By most accounts, the event went off without a hitch. In fact, the only one who knit picked it in anyway was Zimmers.
"Tournaments are all different, and this one was new for me," he said. "I've been blessed to be part of a lot of tournaments, but this was my first LPGA event, so it was new getting used to how they do things.
"The good thing is it's exposure, but with exposure, you put yourself out there for everyone to see. That week we had record heat, and we were just working through the mental stress of Covid. The play was delayed when a fog bowl rolled in out of nowhere and just sat on the golf course. We had a good week, but the weather was tough."

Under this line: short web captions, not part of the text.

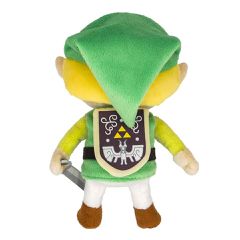Zelda : The Wind Waker - Link-thumb-1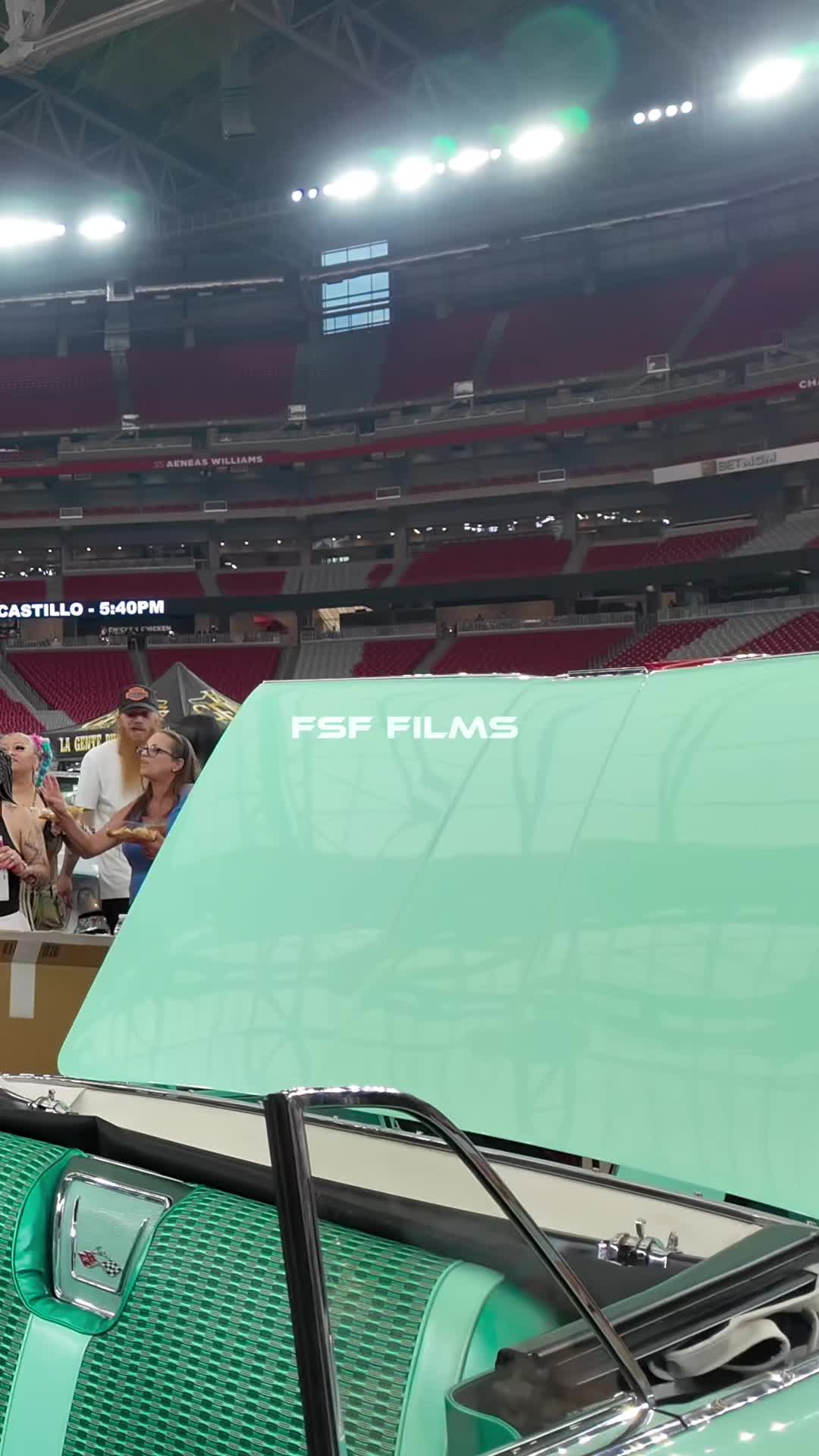 @Angelo | FSF Films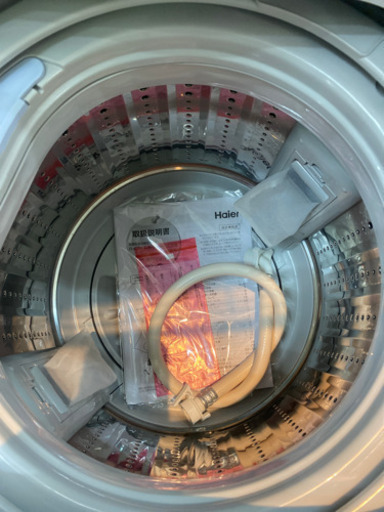 （JS17）ハイアール　全自動洗濯機　JW-C45A 4.5kg 2018年式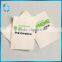 Beige Cotton Tape Printing Silk Screen Printed Label for Sewing Machine Products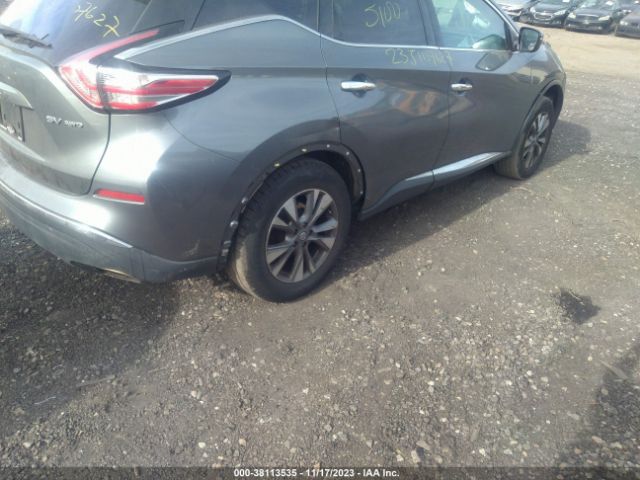 Photo 5 VIN: 5N1AZ2MHXHN114345 - NISSAN MURANO 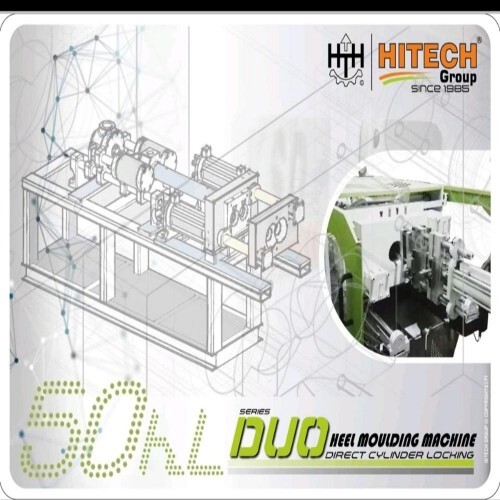 Injection moulding machine manufacturer in delhi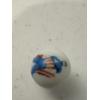 Image 3 : Vintage Captain America Advertising Marble - Outstanding Piece - Mint Condition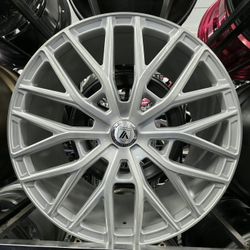 22" ASANTI BLACK LABEL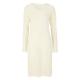 Damella Wool Long Sleeved Nightdress Benvit merinoull Medium Dam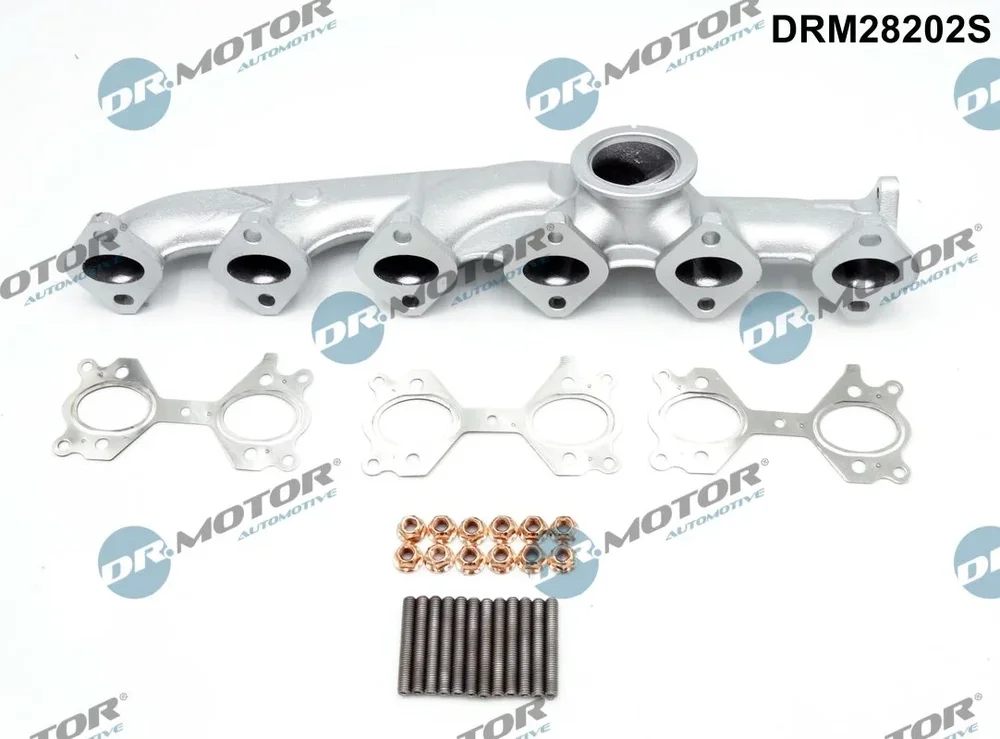 Koleno, výfukový systém Dr.Motor Automotive DRM28202S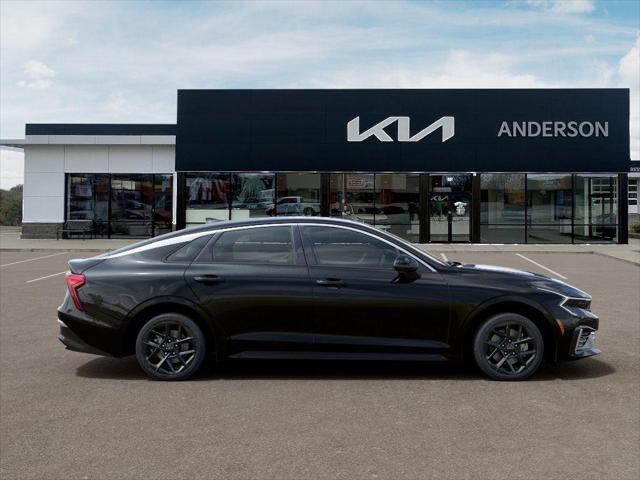 2026 Kia K5 LXS FWD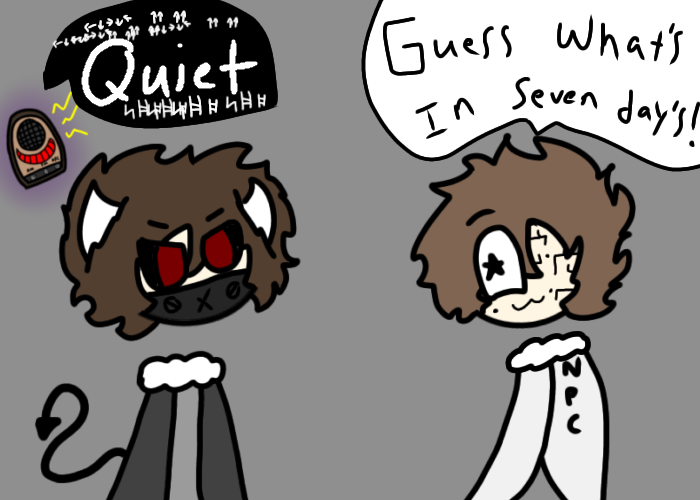 Optimal_Unknown's tweet photo. So this Saturday around 3pm EST or 4pm EST I am going to stream and get one star on every fnaf game. Can't wait for me to be spooked https://t.co/t6DGlEKrHB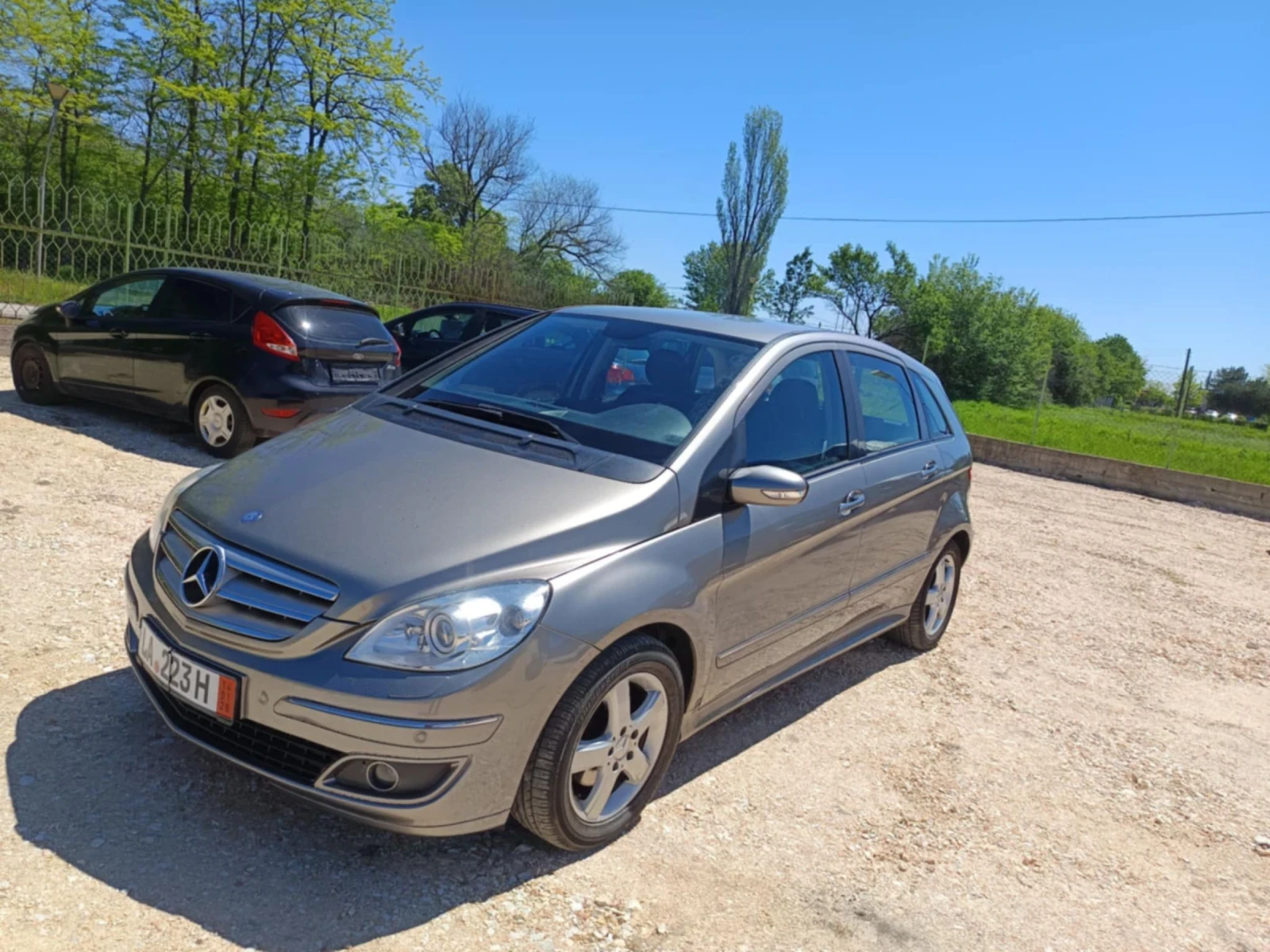 Mercedes-Benz B 200 Turbo 194hp - изображение 3
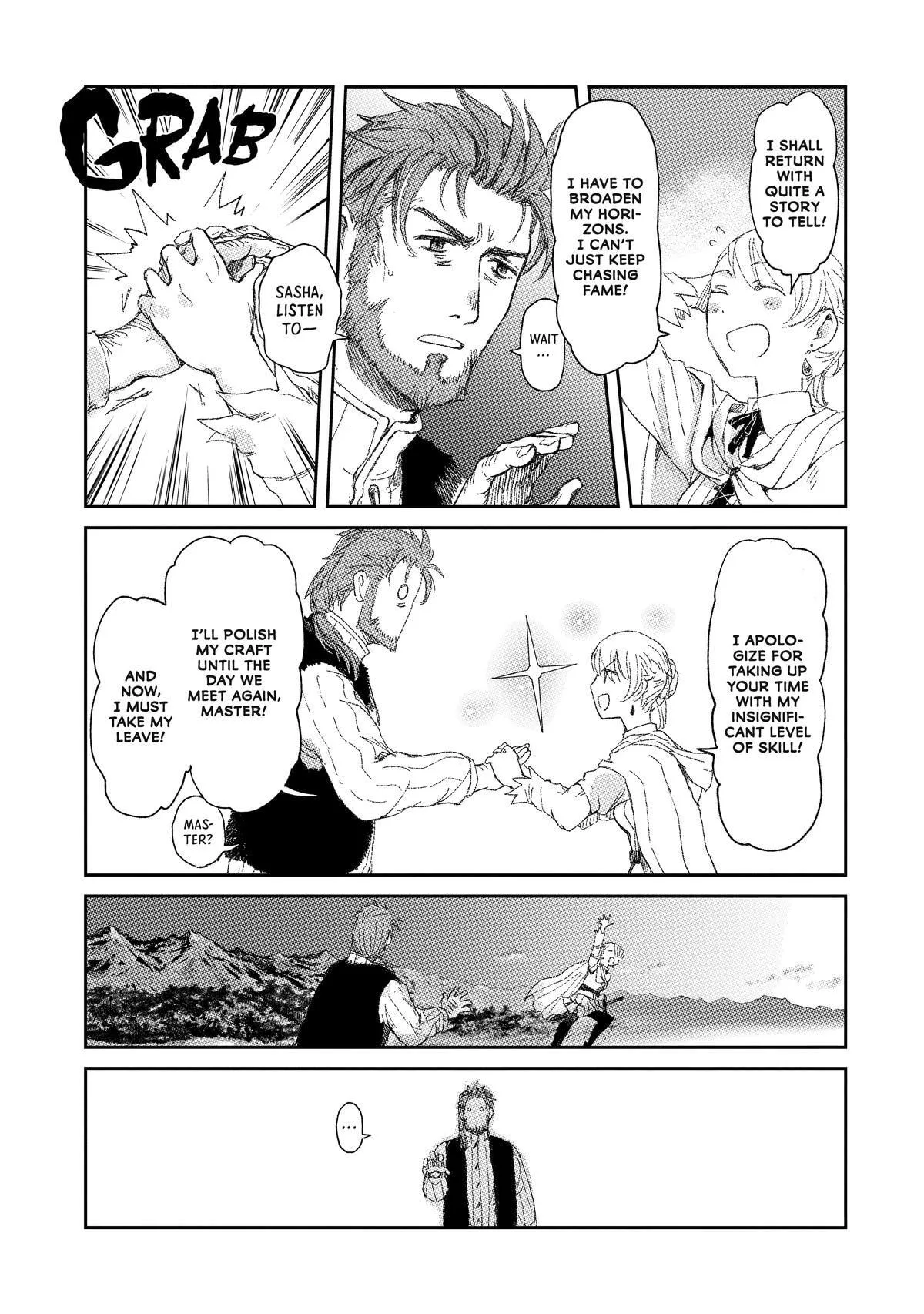 My Daughter Left the Nest and Returned an S-Rank Adventurer: The Black-Haired Valkyrie Chapter 4 page 31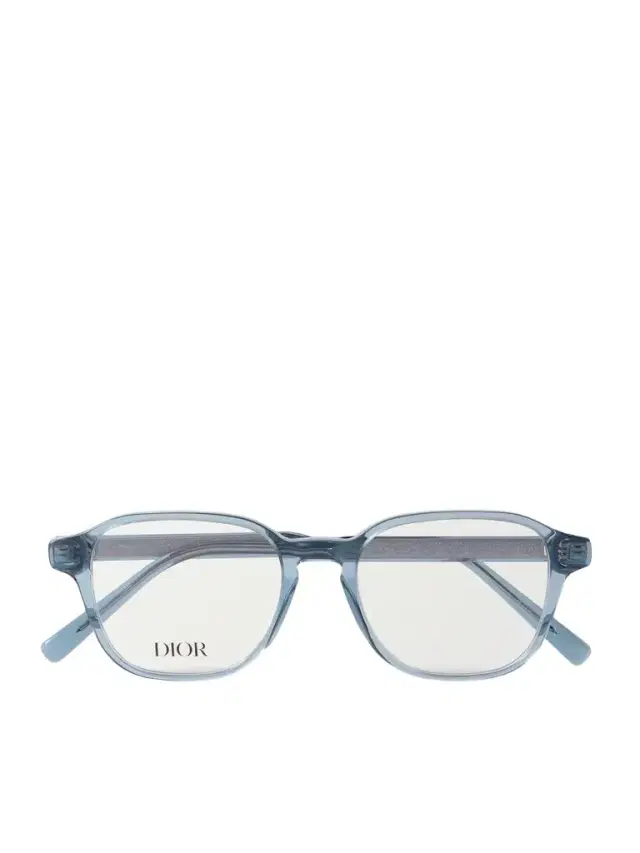 DIOR Eyewear DiorBotanicaO S2I Geometric Acetate Glasses - Men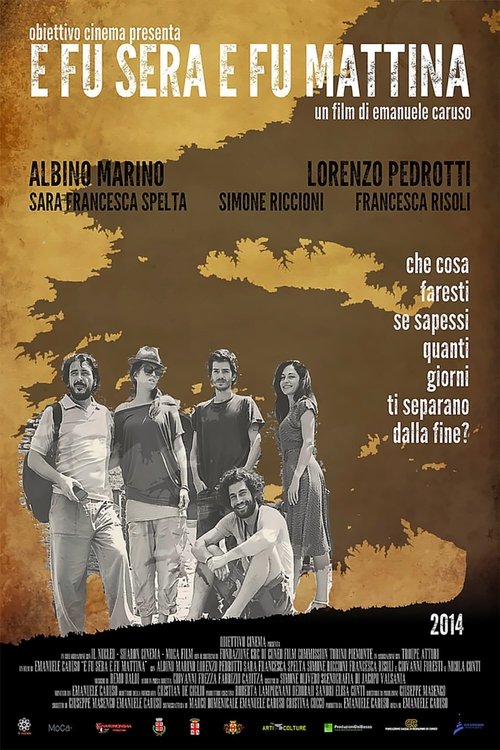 And There Was Evening and There Was Morning movie poster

Deep down, the LPGA knew if there was a place within shouting distance of Highland Meadows that could be ready for the LPGA field and a TV audience at the drop of a hat, it was Inverness.
"Logistically, that is not easy to get a golf course ready that quickly," said Green Section agronomist Zach Nicoludis. "If you were going to ask me to give you five superintendents who at the drop of a hat could host a PGA Tour event, LPGA event or a USGA championship, I'm pretty sure John's name would be on that list every time."
Being ready for anybody and everybody all the time is just part of being a golf course "for the people."